The latest former player to tell us about his favourite match is fast bowler, Neil Mallender.

Between 1987 and 1994 Neil appeared in 118 First Class matches, taking 329 wickets at 25.78 with a best of seven for 61 against Derbyshire at Taunton. He also scored 1461 runs.

Born in Yorkshire in June 1961, Neil spent seven seasons at Northamptonshire where he made his debut in 1980, so how did he end up coming to Somerset?

“Although Northants had been very good to me I decided that I needed a move to almost kick start my career,” he explained. “I was almost lined up to go to Yorkshire but they had a change in captaincy and were told that they couldn’t approach me until the new year. At that time I was out playing in New Zealand with Otago and Somerset approached me. Brian Rose then flew out and signed me up in Dunedin.

“Brian did a good job on me because I’d never seen the ground before I signed for the Club and he told me that they were good pitches to bowl on at Taunton. I’d played for Northants against Somerset for seven years but it was always at Weston or Bath.

“I loved the ground but when I got to Taunton the pitches were pretty decent to bat on. It’s a lovely part of the country and I still love to go back and umpire there. I’ve got fond memories of my time at Somerset.”

Neil is no stranger to the West Country because as a teenager he spent a couple of years living in Somerset, as he explained: “I lived in Yeovil for two years when I was 13 or 14 and went to Westfield School. I played all sports and was lucky that Mum and Dad encouraged me.

“Yeovil Golf Club was the first club I was a junior member at. I love my golf and have got very fond memories of that as well. I’m playing off two at the minute. I’ve played golf for 50 years and love it. It’s a good course is Yeovil and I was pleased to be able to go back and play there again a few years ago.”

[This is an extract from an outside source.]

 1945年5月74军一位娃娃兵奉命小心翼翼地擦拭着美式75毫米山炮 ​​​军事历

So what about a favourite match for Somerset?

“There are a couple that stick out for me. They were against Sussex and we won both games.

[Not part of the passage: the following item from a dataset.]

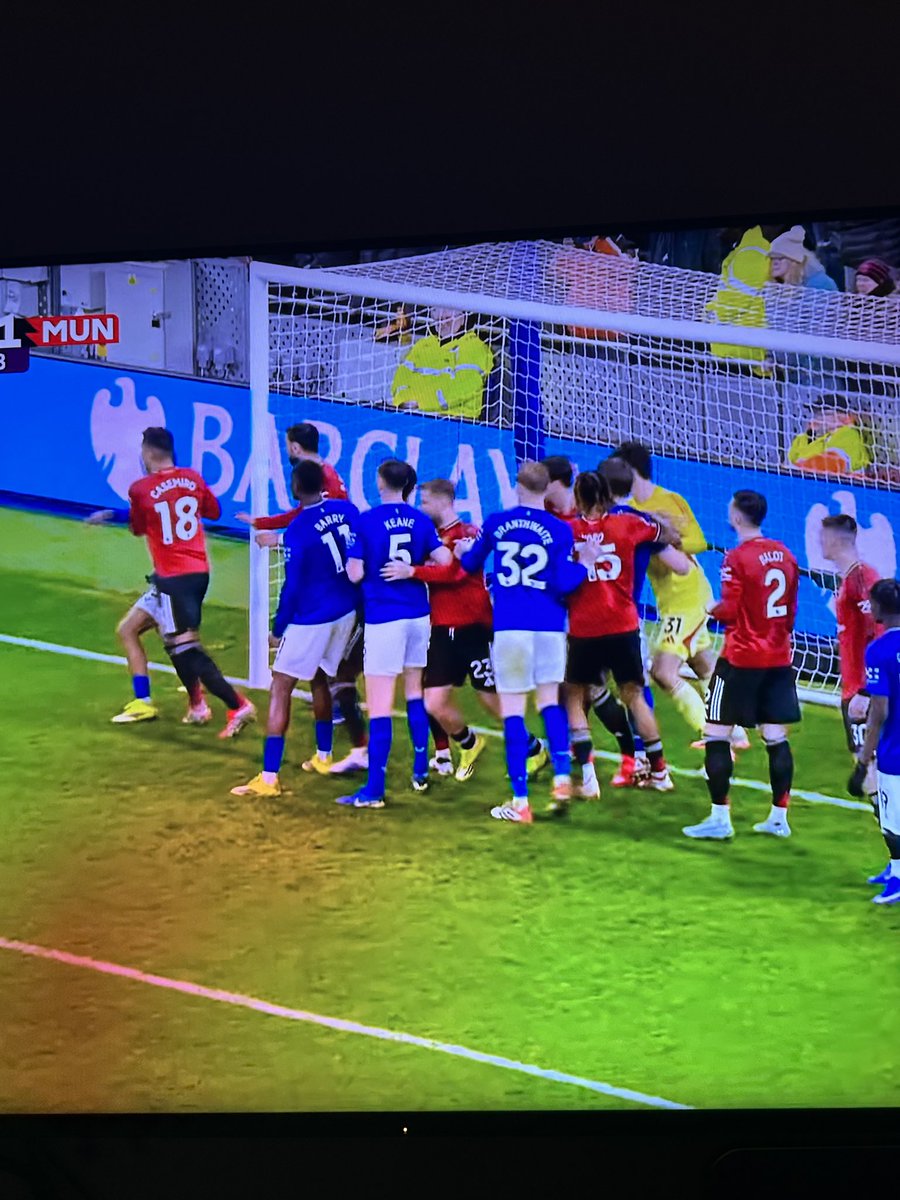 Tyows's tweet photo. Buset kek Halte Trans Jakarta Puri Beta Ciledug ramenya ini gawang Manchester United 😅 https://t.co/CDhKOzQNPx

“In 1989 we played them at Taunton fairly early on in the season and I got five wickets in the first innings and seven in the second. It was one of the few times that we had a juicy green top.

“The other time was at Hove in August 1990 when I set a ninth wicket record partnership with Chris Tavare. I was a bit lucky because I was batting with a hamstring injury. We had bowled first and I should have been given out LBW to Tony Pigott before I had scored but got away with it.

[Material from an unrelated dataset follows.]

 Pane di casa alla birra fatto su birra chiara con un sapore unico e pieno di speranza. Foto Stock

“Tony Dodemaide then hit me on the head, so I gritted my teeth and said ‘sod it, you’re not going to get me out now!’ Chris played brilliantly and got 200+ at the other end and I ended up 87 not out as we set a Club record of 183 for the ninth wicket against Sussex.

“Adrian Jones then came in at number 11 to join me and was 24 not out at the close. They said to me the next morning that I could have four overs to try and get your hundred, but I turned it down because I wasn’t necessarily a big hitter of the cricket ball.

“It was quite bizarre because the sea fret came in for the first hour or so of the next morning and it was the perfect time to bowl. Although I couldn’t bowl, we needed to make the most of that hour so declared and ended up winning the game.

“Chris Tavare was a good man and a hell of a player. One of the hardest hitters of the ball you could see.”

Another memorable occasion for Neil whilst he was playing for Somerset was his call up to play for England.

“I also got my chance to play for England when I was with Somerset. I had been on standby a couple of times when I was out in New Zealand when they had a few injuries and I was doing well for Otago, but it all came around when least expected.

“We were playing a Sunday League game at Leicester and I was sitting having breakfast with Peter Robinson when one of the waitresses came over and told me that there as a phone call for me. I thought something must have happened at home and went over to take it but it was Graham Gooch congratulating me on being selected in the squad.

“Initially you think it’s a team mate winding you up, and it did come as a bit of a surprise.

“It was against Pakistan at Headingley where it went well for me. I didn’t know I was playing until the toss which was probably a good thing because half an hour later we were bowling and I was in the game

“That was a great occasion for me and we won that match. I got three wickets in the first innings and five in the second, but then we got hammered at the Oval.”

After retiring from playing Neil became an umpire; a role he still enjoys.

“I got onto the reserve list in 1997 and then onto the main list in 1999. Now I’m the longest serving on the list. The time has flown by to think I’ve done it for 25 years, and hopefully I can do it for a few more yet.

“I’ve been really lucky. I’ve played for three great teams (Northants, Otago and Somerset), met a lot  of people along the way, made some great friendships and travelled the world on the back of it.”

Neil added: “Taunton is my favourite ground out of all the counties to stand at. I love going there and I only wish they’d send me a little bit more.”